New York City-based Siegel & Gale is a subsidiary of Omnicom Group Inc., the world's largest advertising conglomerate. As part of Omnicom's Diversified Agency Services Group, Siegel provides a wide range of brand marketing services, such as strategic positioning, brand training for employees and vendors, and tailored relationship programs. The company has also made a specialty of helping corporations to simplify their communications and improve verbal and visual expressions across all media. In recent years, Siegel has become very active in interactive services, including online branding, Web design, and Web strategy consulting. With more than 30 years of experience in its field, Siegel boasts an impression roster of clients, including Citibank, the American Red Cross, Jiffy Lube, Disney, the National Basketball Association, and the Securities and Exchange Commission.

Alan Siegel Learns the Advertising Business in the 1960s

The driving force behind the founding and success of Siegel & Gale is its longtime chairman, Alan Michael Siegel. He was born in 1938 in New York City in sight of Yankee Stadium, the son of a photograph engraver who worked in the advertising industry. Although he would follow in his father's footsteps in many ways, he took a circuitous route in the journey. He graduated from Cornell University in 1960 with a degree in Industrial Aid Relations and Economics but had no certain career path and was not pleased with his job prospects. He returned to school to study law at New York University School of Law, then two years later dropped out to serve a two-year stint as a first lieutenant in the Army. Stationed in West Germany, Siegel developed an interest in photography, learning the trade from an elderly German who worked on the military base. This newfound enthusiasm for the visual arts led Siegel, after his discharge from the Army, to study with professionals Alexey Brodovitch, renowned photographer for Harper's Bazaar, and Austrian-born Lisett Model. To support himself, Siegel took a position with the Batten, Barton, Durstine and Osborn (BBDO) advertising agency, becoming part of the firm's training program. He learned the full range of the advertising business--marketing, media, project management, new product development, creative, cognitive research--which served as valuable preparation for the day he would strike out on his own. After completing his traineeship, Siegel worked for a man named Bruce Crawford, who 40 years later, as the chairman of Omnicom, would acquire Siegel & Gale. In 1967, Siegel went to work for the public relations firm of Ruder Finn, becoming an account executive, and two years later accepted a position with Sandgren & Murtha Inc., a New York marketing and design consultancy, where he again served as an account executive but was promised a partnership down the line. Because Siegel was just 30 years old, however, the firm backed away from the idea. Rather than wait to become a partner at Sandren, Siegel decided to start his own business.

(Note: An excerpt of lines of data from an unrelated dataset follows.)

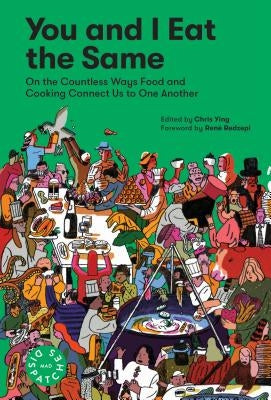 You and I Eat the Same: On the Countless Ways Food and Cooking Connect Us to One Another (Mad Dispatches, Volume 1) by Ying, Chris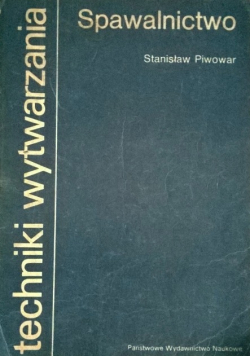 Techniki wytwarzania Spawalnictwo
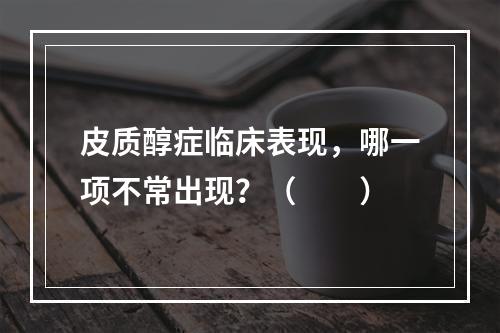 皮质醇症临床表现，哪一项不常出现？（　　）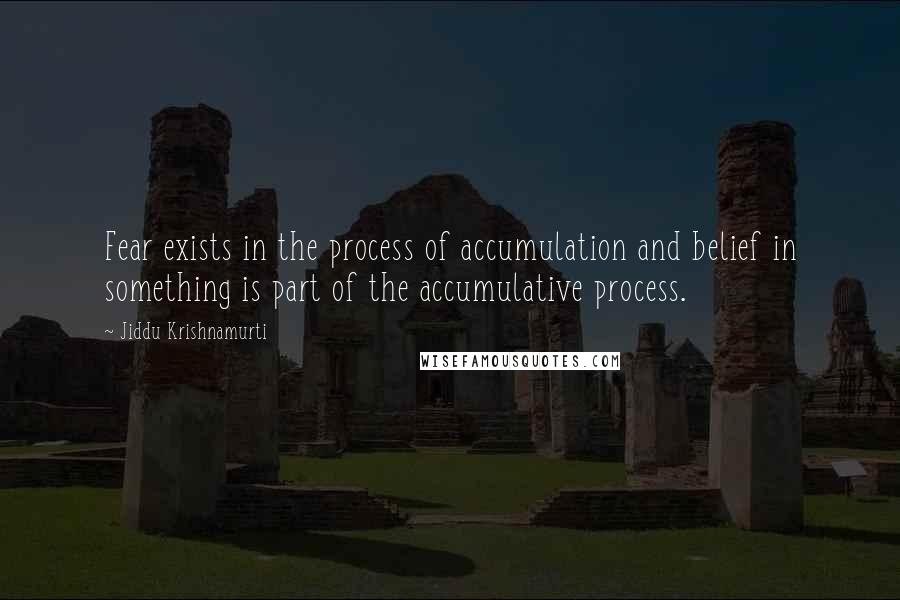 Jiddu Krishnamurti Quotes: Fear exists in the process of accumulation and belief in something is part of the accumulative process.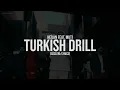 Heijan feat. Muti - Turkish Drill 🇹🇷 (Sözleri / Lyrics)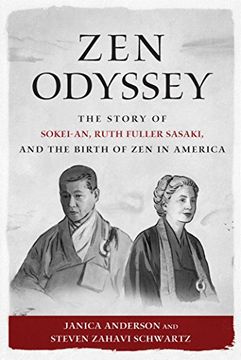portada Zen Odyssey: The Story of Sokei-an, Ruth Fuller Sasaki, and the Birth of Zen in America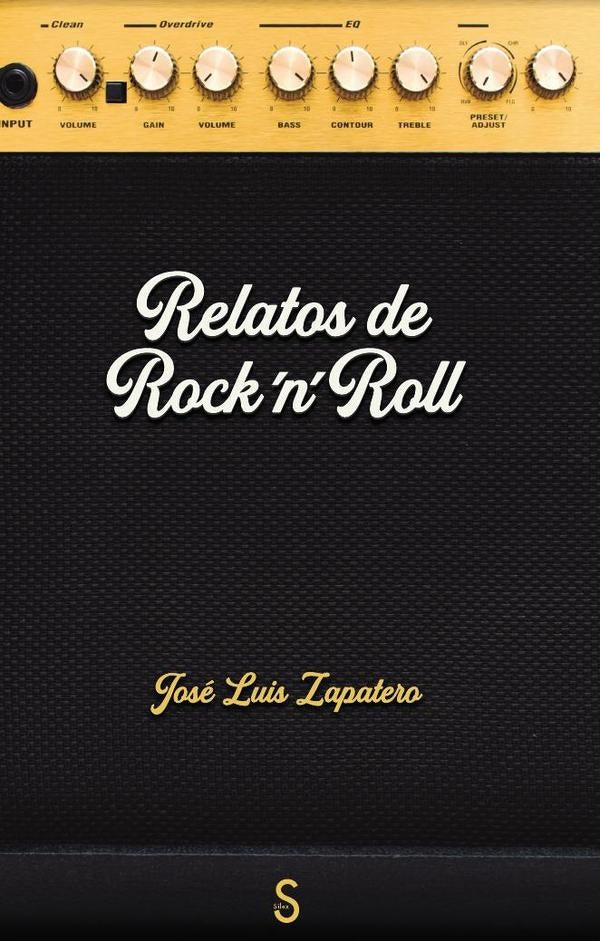 Relatos de RocknRoll | JoseLuis Zapatero
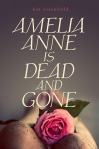 Book cover for Amelia Anne is Dead and Gone by Kat Rosenfield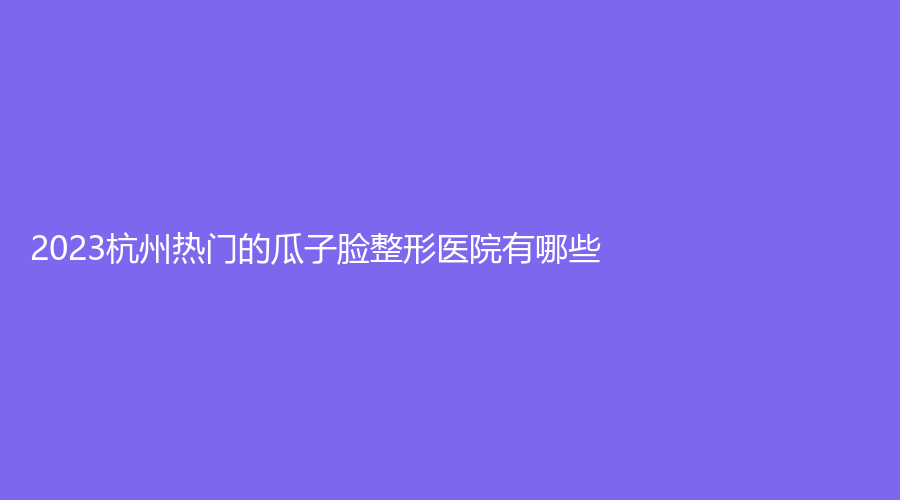 2023杭州熱門(mén)的瓜子臉整形醫(yī)院有哪些？珠兒麗診所、麗脂、安美馨診所等機(jī)構(gòu)哪家靠譜？
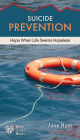 Suicide Prevention: Hope When Life Seems Hopeless (Hope for the Heart) Cover Image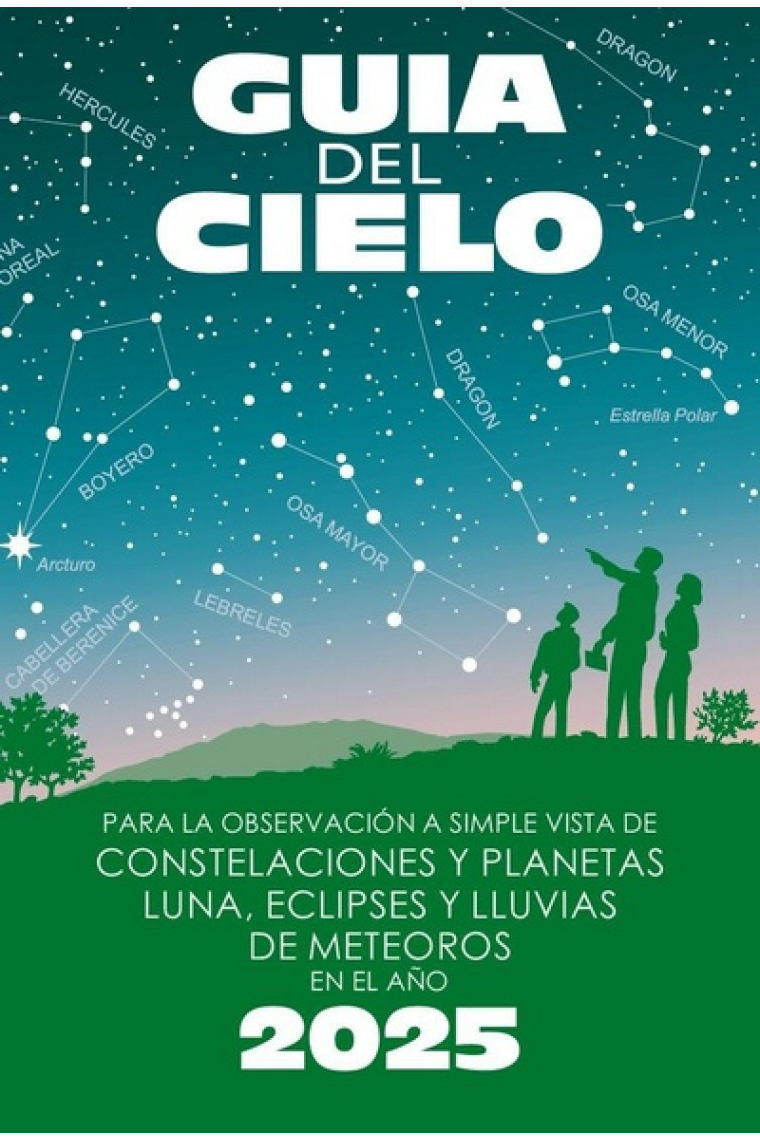 Guía del cielo 2025. Para la observación a simple vista de constelaciones y planetas, luna, eclipses y lluvias de meteoros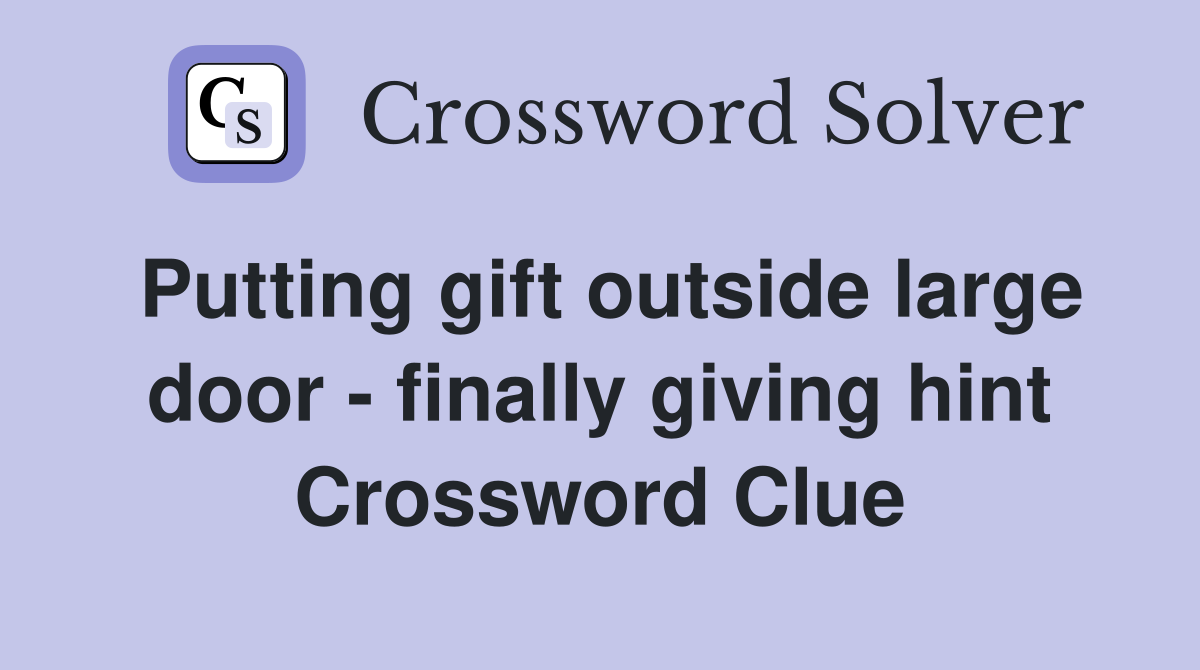 Putting gift outside large door - finally giving hint Crossword Clue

In 1969, Siegel developed a business plan for a corporate logo design shop. He hired a designer named Robert Gale, who subsequently took equity in the company, which assumed the name Siegel & Gale. At first, the company operated out of Alan Siegel's apartment. In his words, "The concept behind new firm was strategic thinking plus top-flight design. At the time nobody was combining the two." The first customer was tire manufacturer Uniroyal, which was interested in creating a brand identity for stores it owned in Colombia and Venezuela. The relationship was later expanded to include the company's global brand identity. Another early client was the mailing solutions firm Pitney Bowes. Siegel moved out of its founder's apartment to a half-residential, half-commercial building. By the end of the first year, the company consisted of five employees. Revenues totaled about $120,000.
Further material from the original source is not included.